Monero has finally undergone the much-awaited upgrade that the community has been expecting at the end of the past month.
The Monero community has been having a tough time with a few exchanges that have been delisting the privacy coin. Most of them cited the Financial Action Task Force’s travel rule.
Monero upgrades the network to RandomX
But Monero has successfully upgraded the network to RandomX.
As you probably already know, the Monero developers have put forth the idea of a new PoW algorithm RandomX. This uses random code execution together with memory-hard techniques to be ASIC-resistant.
The Monero Community Workgroup did a live stream on YouTube before the upgrade took place.
The developers said that the upgrade was optimized for general-purpose CPUs in roder to make the network more decentralized.
Monero’s Riccardo Spagni aka FluffyPony addressed the upgrade and stated in the live stream that RandomX is the way forward.
On the other hand, according to the online publication AMBCrypto, he suggested that the community wasn’t obligated to do so and stated the following:
“And I think this is just another checkpoint in proving that Monero is decentralized.
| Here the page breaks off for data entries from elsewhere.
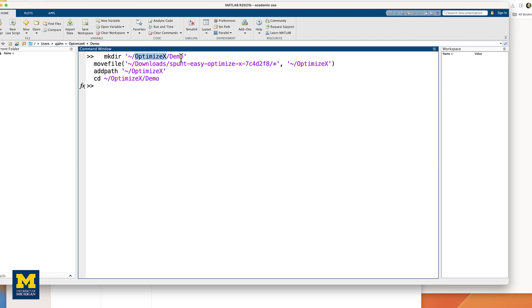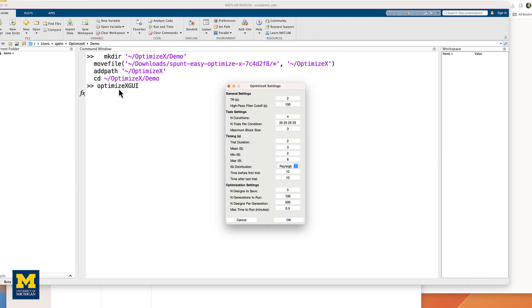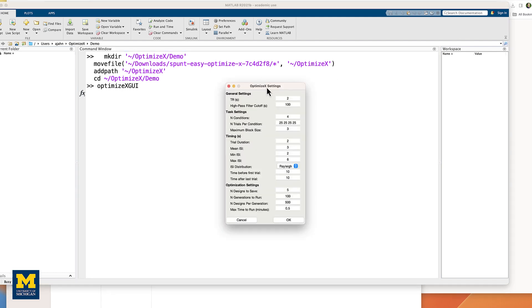This will create the folders OptimizeX and the subfolder Demo in your home directory. The scripts to run OptimizeX will be placed in the OptimizeX folder, and we have the subdirectory into which we can write our example timing schedules. We then add the path, and then we navigate to this demo directory. If you then type OptimizeX GUI, you should now see the main input dialog.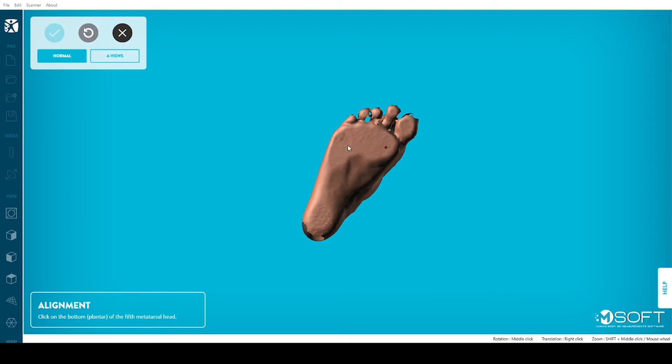Click to identify the bottom of the first metatarsal head, then the fifth metatarsal head, and finally the bottom of the heel. Respecting this order is essential.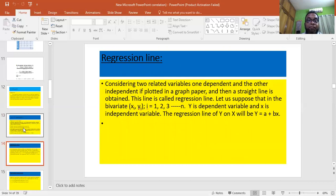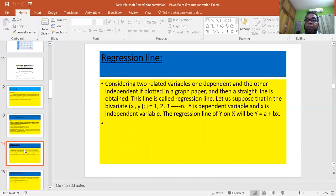Now, regression line. When we plot the points of x and y — that is, the independent and dependent variables — and join the points, we get a straight line. This is called the regression line. In the bivariate data (xi, yi) for i = 1, 2, 3 up to n — that is, (x1,y1), (x2,y2), (x3,y3), ... (xn,yn) — plotted on a graph paper, for each pair of values we get a point, and by joining these points we get a straight line, which is called the regression line.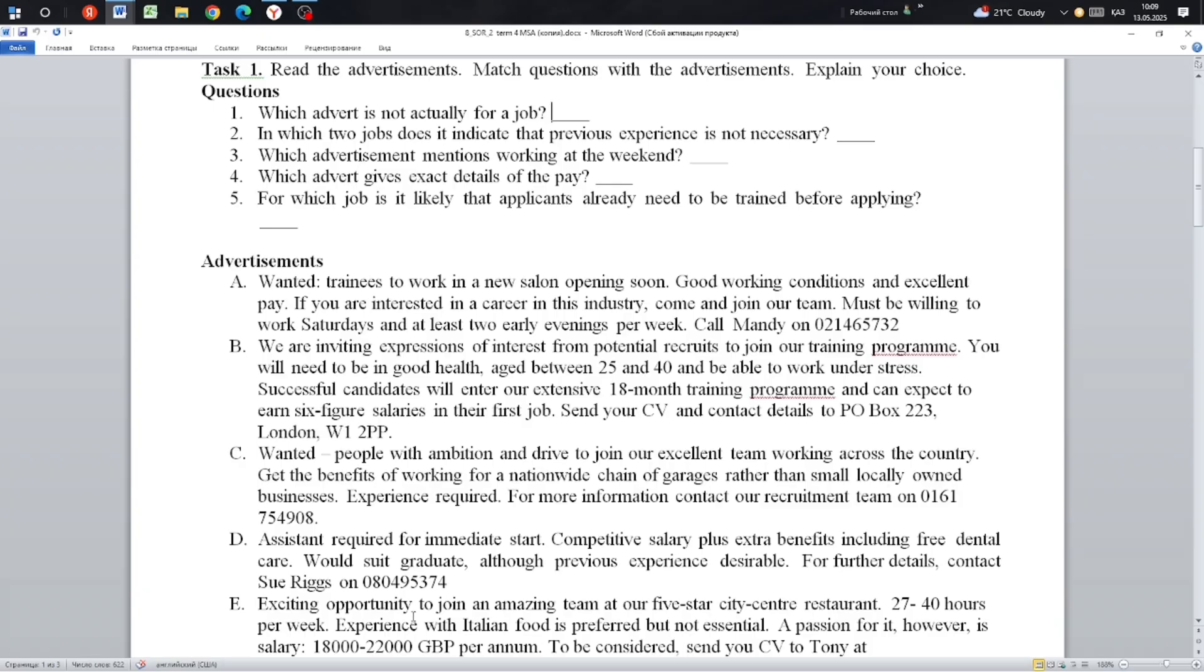And E: Exciting opportunity to join an amazing team at our 5-star city center restaurant. 27-40 hours per week. Experience with Italian food preferred but not essential.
You know, it’s just out of a very real fact pattern.”
The hard fork was executed successfully
More than this, Monero was is in the news lately after a security warning popped up wherein CLI binaries were possibly compromised. The team affirmed that the issue was looked into.
Despite the difficulties, the hard fork was successfully executed.
Monero Outreach also confirmed the same and tweeted the following message:
Congratulations to the @Monero community on what appears to be a successful network upgrade! Here’s to a potential several years of an ASIC-free network. One CPU, one vote, thanks to #RandomX! 💪✊🎉🍻🥂😍 #XMR #monero
— Monero Outreach (@xmroutreach) December 1, 2019
Monero in the crypto market
Regarding the price, all digital assets are struggling to recover following the recent drop in prices.
XMR is placed on the 13th position on CMC at the moment of writing this article and the privacy-oriented coin is priced at $53.08, while trading in the red.